(Captioned web images)
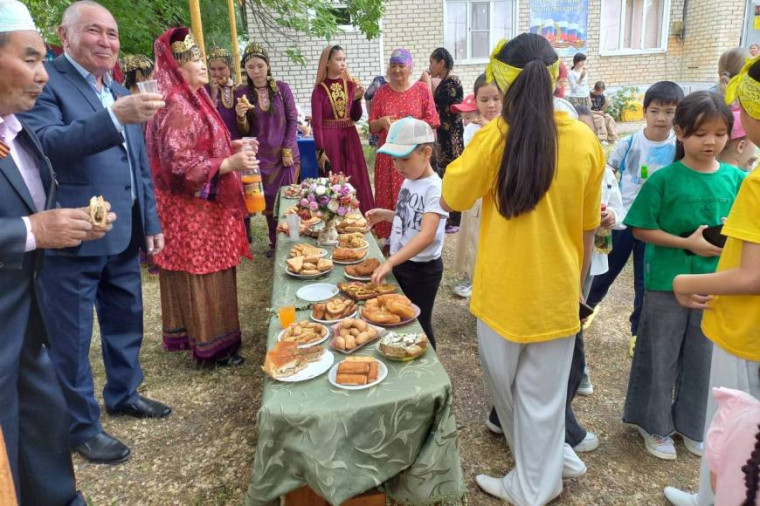 3 мая 2024 года в селе Озек-Суат традиционно состоялось событийное мероприятие «Народное гуляние «Бахар-Байрам»», проводимое в рамках года межнационального согласия в Ставропольском крае.
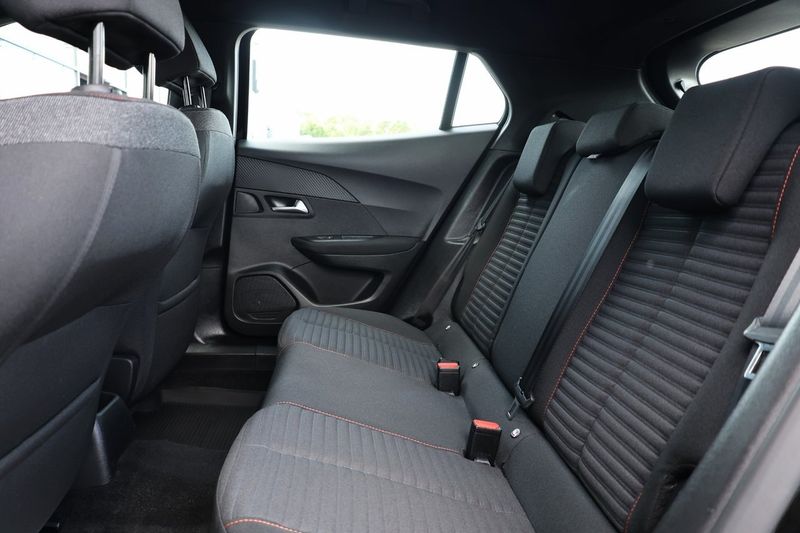 Peugeot 2008 bild 16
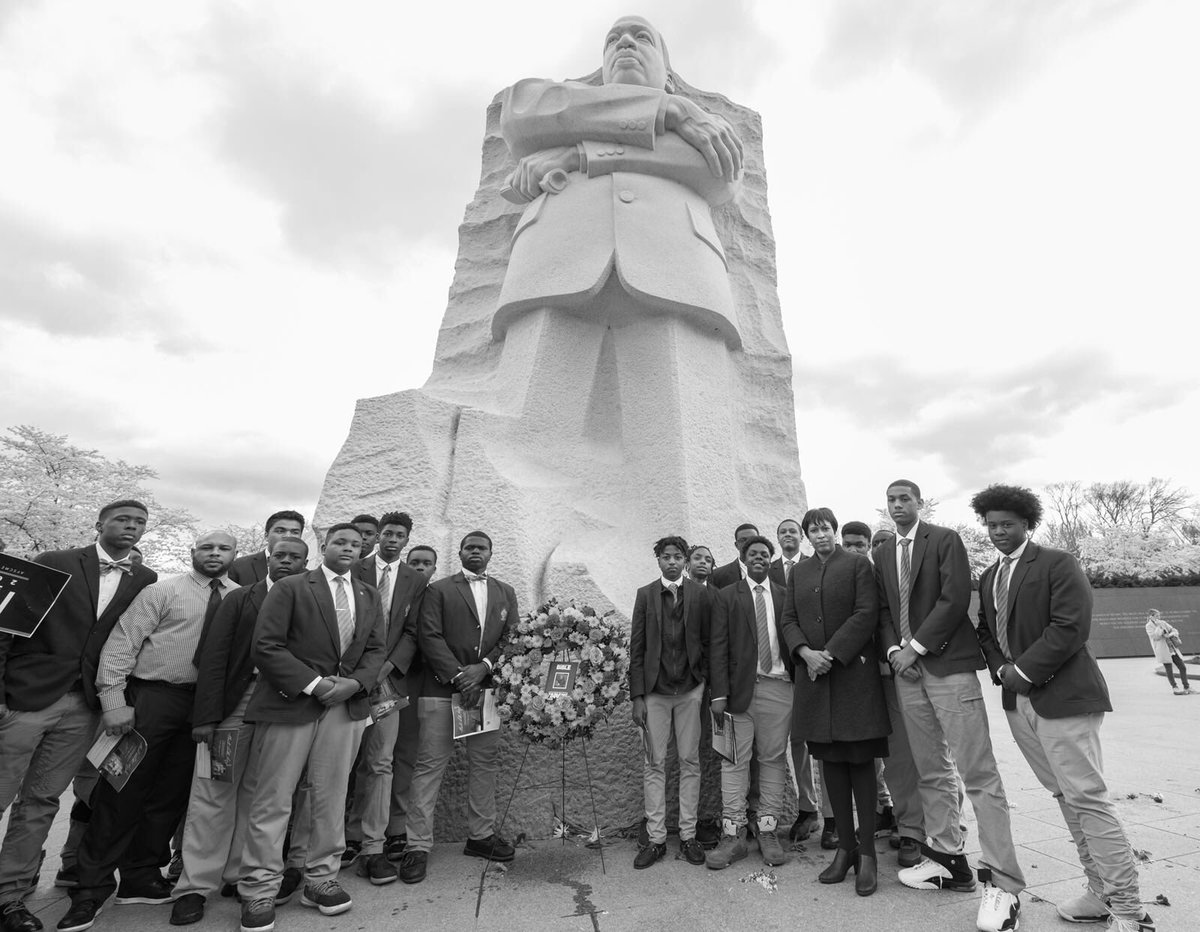 MayorBowser's tweet photo. "Darkness cannot drive out darkness. Only light can do that. Hate cannot drive out hate. Only love can do that." 

On what would’ve been his 91st birthday, we keep alive the legacy of Rev. Dr. Martin Luther King Jr. A legacy of courage, justice and love. https://t.co/qzyWJ56Q9S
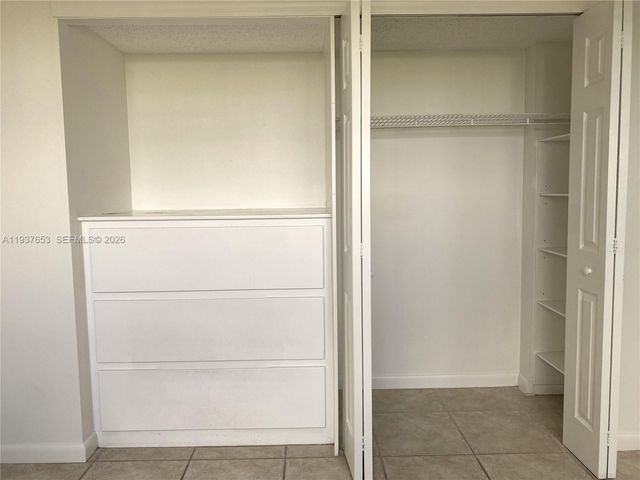 2322 S Cypress Bend Dr 711, Pompano Beach, FL 33069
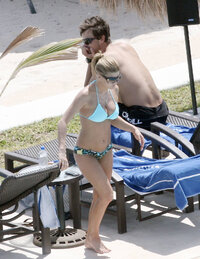 fergie im bikini 26.jpg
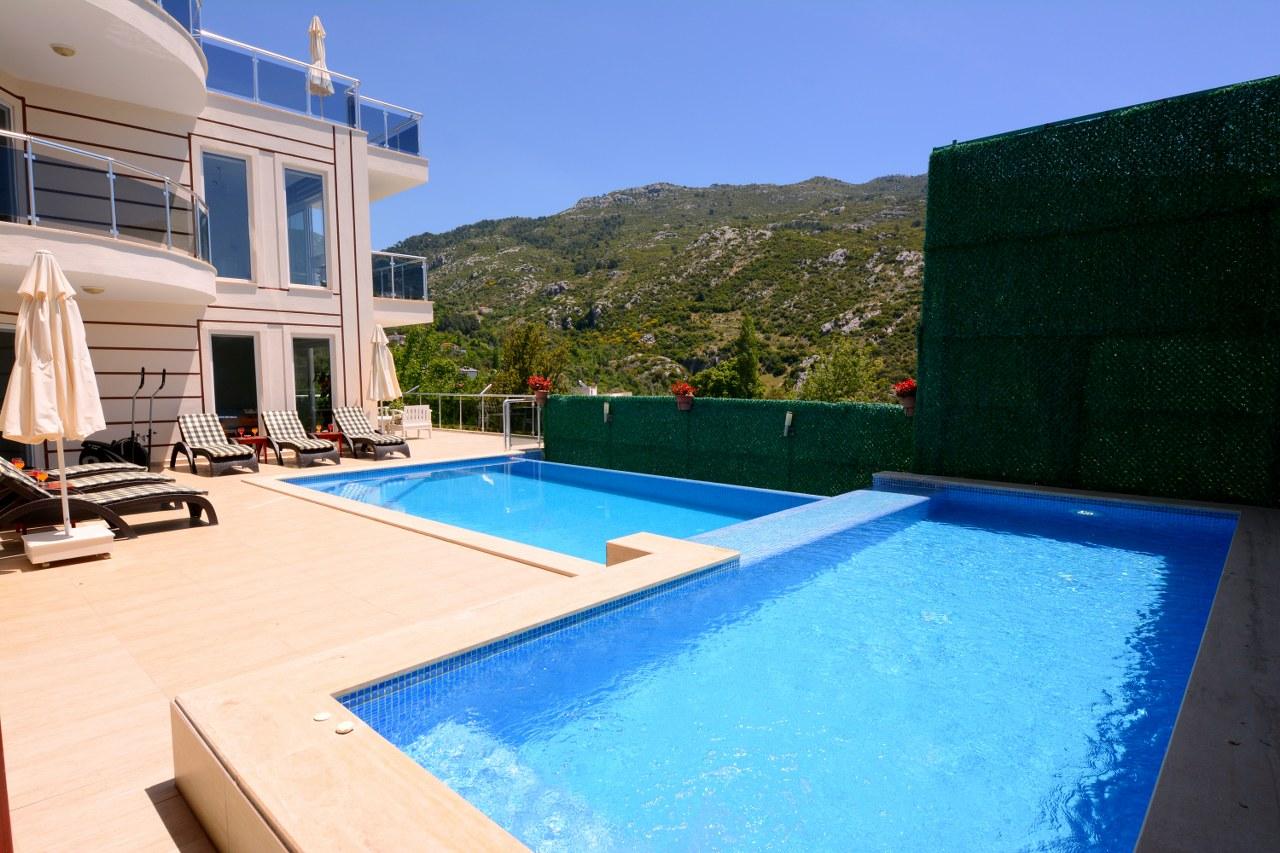 Kaş İslamlar'da Geniş Alanlara Sahip, Özel Havuzlu, Bahçeli Villa-24121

» What you will do
Up to and including the line containing "MayorBowser's tweet photo.", repeat every line from the start of the data, but none of the pictures.

» Answer to the exercise
 3 мая 2024 года в селе Озек-Суат традиционно состоялось событийное мероприятие «Народное гуляние «Бахар-Байрам»», проводимое в рамках года межнационального согласия в Ставропольском крае.
 Peugeot 2008 bild 16
 MayorBowser's tweet photo. "Darkness cannot drive out darkness. Only light can do that. Hate cannot drive out hate. Only love can do that." 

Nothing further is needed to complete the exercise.